| title | author |
|---|---|
_C. glabrata_ _CTA1_ promoter dissection |
Jinye Liang, Bin Z. He |
Genes involved in development in multicellular eukaryotes often have multiple roles, or "pleiotropic effects". One of the sources for the pleiotropy is that genes are expressed at different times or different tissues. Such distinct expression patterns were found to be regulated primarily by physically separate enhancers, each of which appears to control one specific expression time/location.
In single celled organisms such as the yeast, there aren't multiple cell types in the same sense as in multicellular organisms. Nonetheless, genes can have pleiotropic functions. One example is stress response genes. Many stress response genes are known to be induced by more than one stressful conditions. Moreover, their regulation under these conditions appear to be non-identical (Gasch et al. 2000, PMID: 11102521). One such example is the catalase-encoding gene CTA1 and its paralog CTT1. In the opportunistic yeast pathogen, C. glabrata, we previously found that CTA1 is induced under both the canonical oxidative stress (by > 1mM hydrogen peroxide) and phosphate limitation.

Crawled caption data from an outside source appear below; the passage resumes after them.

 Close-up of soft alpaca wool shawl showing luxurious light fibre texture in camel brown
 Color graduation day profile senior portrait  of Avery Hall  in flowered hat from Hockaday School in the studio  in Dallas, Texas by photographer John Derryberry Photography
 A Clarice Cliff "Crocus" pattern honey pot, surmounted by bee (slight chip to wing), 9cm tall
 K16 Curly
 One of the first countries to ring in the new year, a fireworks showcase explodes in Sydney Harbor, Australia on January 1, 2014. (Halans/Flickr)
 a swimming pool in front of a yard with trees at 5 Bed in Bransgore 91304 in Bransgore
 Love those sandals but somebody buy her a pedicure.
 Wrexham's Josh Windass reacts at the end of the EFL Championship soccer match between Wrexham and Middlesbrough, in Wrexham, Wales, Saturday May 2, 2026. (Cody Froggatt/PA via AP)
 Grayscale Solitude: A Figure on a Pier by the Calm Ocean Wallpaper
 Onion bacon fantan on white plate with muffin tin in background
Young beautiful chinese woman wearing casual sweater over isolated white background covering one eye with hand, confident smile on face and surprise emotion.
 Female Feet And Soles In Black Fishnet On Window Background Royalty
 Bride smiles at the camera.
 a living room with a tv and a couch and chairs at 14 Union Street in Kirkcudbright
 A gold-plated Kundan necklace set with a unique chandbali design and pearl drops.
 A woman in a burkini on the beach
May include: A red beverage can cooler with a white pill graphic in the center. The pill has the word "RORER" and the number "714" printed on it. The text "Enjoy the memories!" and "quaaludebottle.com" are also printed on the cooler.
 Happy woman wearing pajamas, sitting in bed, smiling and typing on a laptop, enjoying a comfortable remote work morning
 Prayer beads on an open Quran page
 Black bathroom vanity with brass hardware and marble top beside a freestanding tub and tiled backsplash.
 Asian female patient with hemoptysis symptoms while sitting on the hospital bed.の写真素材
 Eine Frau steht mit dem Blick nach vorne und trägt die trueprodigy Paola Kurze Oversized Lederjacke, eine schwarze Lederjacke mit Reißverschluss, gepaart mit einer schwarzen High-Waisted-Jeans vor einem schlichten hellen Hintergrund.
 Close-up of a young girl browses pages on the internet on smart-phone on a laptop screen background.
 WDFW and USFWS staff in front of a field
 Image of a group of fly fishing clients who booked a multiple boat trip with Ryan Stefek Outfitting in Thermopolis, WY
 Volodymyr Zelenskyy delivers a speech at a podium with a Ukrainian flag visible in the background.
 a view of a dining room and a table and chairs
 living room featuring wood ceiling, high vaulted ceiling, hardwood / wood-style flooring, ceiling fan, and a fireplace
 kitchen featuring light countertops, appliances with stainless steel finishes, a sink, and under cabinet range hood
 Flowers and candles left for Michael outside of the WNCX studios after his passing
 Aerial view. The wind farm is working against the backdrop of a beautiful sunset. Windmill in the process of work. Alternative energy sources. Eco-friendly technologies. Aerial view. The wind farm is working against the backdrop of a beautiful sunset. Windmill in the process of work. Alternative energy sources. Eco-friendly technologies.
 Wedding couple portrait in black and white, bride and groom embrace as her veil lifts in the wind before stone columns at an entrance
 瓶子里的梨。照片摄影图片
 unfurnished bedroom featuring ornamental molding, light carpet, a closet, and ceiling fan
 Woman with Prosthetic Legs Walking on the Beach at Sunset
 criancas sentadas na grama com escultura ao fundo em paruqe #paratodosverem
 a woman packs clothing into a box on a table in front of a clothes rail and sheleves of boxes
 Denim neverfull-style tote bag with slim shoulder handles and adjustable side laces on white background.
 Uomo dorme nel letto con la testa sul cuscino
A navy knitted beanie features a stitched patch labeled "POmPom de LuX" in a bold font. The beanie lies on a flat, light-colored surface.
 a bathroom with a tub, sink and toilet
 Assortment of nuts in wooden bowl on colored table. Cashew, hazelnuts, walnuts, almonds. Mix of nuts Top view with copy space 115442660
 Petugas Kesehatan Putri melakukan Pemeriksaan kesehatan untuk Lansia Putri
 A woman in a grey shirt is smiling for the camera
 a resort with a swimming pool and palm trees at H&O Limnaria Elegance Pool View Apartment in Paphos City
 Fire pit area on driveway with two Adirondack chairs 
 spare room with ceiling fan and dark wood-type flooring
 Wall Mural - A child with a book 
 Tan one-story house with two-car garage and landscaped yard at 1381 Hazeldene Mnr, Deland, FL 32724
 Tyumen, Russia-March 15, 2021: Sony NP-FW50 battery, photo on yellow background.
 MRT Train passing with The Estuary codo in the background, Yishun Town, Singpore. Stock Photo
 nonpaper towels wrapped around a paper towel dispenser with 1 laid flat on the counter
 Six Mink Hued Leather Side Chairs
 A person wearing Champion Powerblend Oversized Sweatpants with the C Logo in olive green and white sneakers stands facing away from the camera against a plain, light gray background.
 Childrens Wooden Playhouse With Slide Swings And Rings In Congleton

Unpublished results show that it is also induced by the presence of oleic acid. Importantly, its induction kinetics, including the ramp up rate and plateau level, differ. So are the transcription factors (TFs) involved in its regulation, at least under the first two condition.
Given the above observation, our question in this study is: how is the regulatory information for CTA1 induction under hydrogen peroxide and phosphate limitation encoded in its promoter region?. We have two hypotheses:
- Separate Cis-Regulatory Module (CRM) hypothesis, namely each condition controls CTA1 expression via a physically separate CRM located in the ~1000 bp upstream of CTA1 CDS.
- Shsare CRM hypothesis: namely the regulatory information for both (and potentially other) conditions reside in a shared space, operating through the same set of TFs.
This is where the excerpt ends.